Je m accorde une pause dans un cafe de bord de route. Je me sers dans un distributeur un machiato pas si mauvais pour me requinquer un peu. Le serveur, serviable bien entendu, essaie de m aider a me connecter a un wifi mais l opération au Japon semble d une complication terrible.
Enfin, cette petite pause, ou je dévore aussi un peu de chocolat (le goût sucre me manque tout de même un peu), me redonne de l allant. Je repars droit devant et j essaie d avaler le plus vite possible cette portion ingrate. Difficile d avoir des pensees qui s envolent dans un tel decor. j essaie de me concentrer sur mon pas et de faire confiance a mes bottes de sept lieux pour en sortir vite. Cela me rappelle un peu les abords de certaines villes espagnoles sur le St Jacques, en plus passant et sans que le centre de Tokushima rattrape vraiment les choses.
Un peu avant le temple 18, les choses s arrangent. Je quitte les bords de la nationale et retrouve un environnement plus calme. Le temple, ou l on accède par un petit chemin pentu et arboré, est très beau. Il y règne la même harmonie que dans les premiers temples. Il m offre aussi un beau contraste avec la zone bruyante que je viens de traverser. En repartant, je croise un cycliste que j ai déjà rencontre plusieurs fois ce matin. Il me dit "Strong"...comme sur le St Jacques je vais a peu près a la même vitesse que les cyclistes "tranquilles", même si sur le terrain de ce matin j aurai bien aime avoir un vélo...
Je marche ensuite quelques instants dans une jolie forêt de bambous avant de retrouver une petite route. Encore du bitume mais l environnement est plus calme et plus agréable. Le temple 19 se trouve un peu plus loin, après un joli pont. J y rencontre encore une bonne poignée de pèlerins (qui font le circuit en véhicule ) qui me demandent bien sur d ou je viens. Ma nationalité française a l'air de les ravir. Il faut dire que d après ce que je vois a la télévision ( qui est sans cesse allumée dans les salles a manger et que j allume pour me tenir compagnie dans mes chambres)la France et la culture française ont l air d avoir la côté au Japon. En tous cas, tous ont l air très content qu un étranger vienne parcourir ce chemin. Je suis bien sur loin d être le premier a parcourir ces 88 temples mais nous ne sommes pas foule tout de même. Depuis mon départ je n ai croise aucun occidental a part Sylvie.

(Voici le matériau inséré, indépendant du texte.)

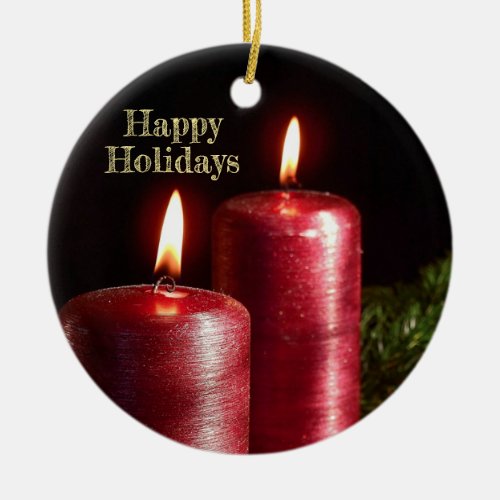 Christmas Celebration Red Candles Winter Holidays Ceramic Ornament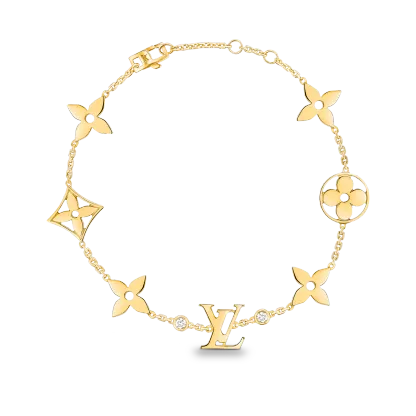 IDYLLE BLOSSOM MONOGRAM BRACELET, YELLOW GOLD AND DIAMONDS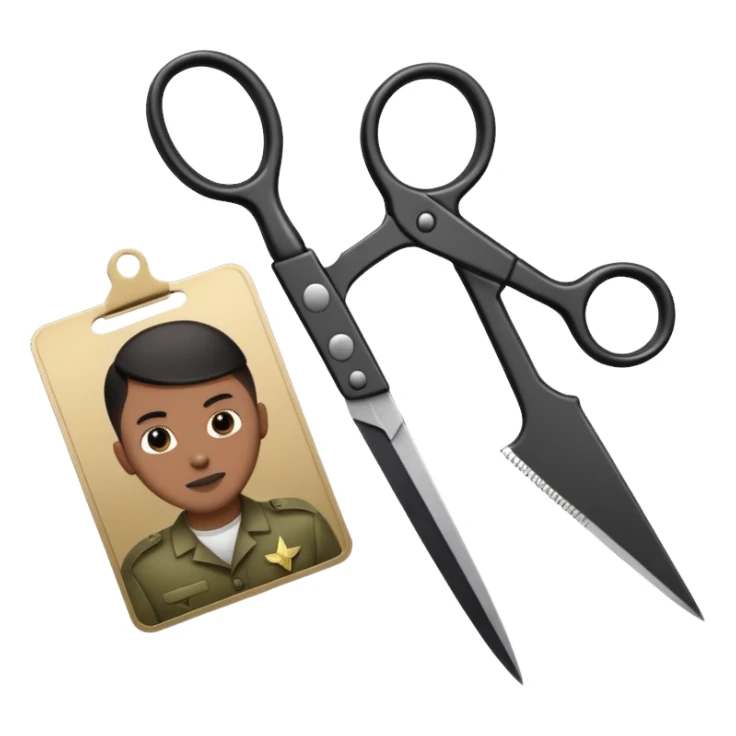 Floating black Scissors cutting an idf soldier ID card in 2 parts .hyper realistic sticker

Le ciel s est couvert et c est sous la pluie que je repars pour les quinze derniers kilomètres de ma journée. Je pense en effet m arrêter au village situe juste avant le temple 20, car ensuite il me sera plus difficile de trouver un abris, ce qui par ce temps serait embêtant. En plus je suis tout de même un peu fatigue et n ai pas chôme ces trois derniers jours. Le terrain dur me cause quelques début d ampoules aux talons et il me faudra y veiller, même si ce genre de désagréments est presque inévitable sur ces longs parcours comportant beaucoup de marche rapide. Mes muscles sentent aussi les kilomètres et mes épaules s adaptent a la charge.
Cette dernière portion n est malheureusement pas très agréable, au bord d une route assez passante. Arrive a mon but, je cherche un peu avant de trouver l auberge locale, ou j'écris donc ces lignes. On n y sert pas a dîner et lorsque je suis ressorti pour acheter quelques vivres a la boutique du coin afin de dîner d un plat déshydraté, une pluie plus lourde m a accueillie.
Heureusement demain la météo semble être prévue meilleure et le parcours devrait a nouveau m entraîner vers de plus beaux endroits. D abords sur des chemins de montagne puis, si je prends le meilleur parcours, en bord de mer. Une mer qui devrait veiller sur mes pas souvent sur le reste de mon chemin a Shikoku. Je vous laisse en me réchauffant dans mon futon, car il ne fait pas bien chaud ce soir.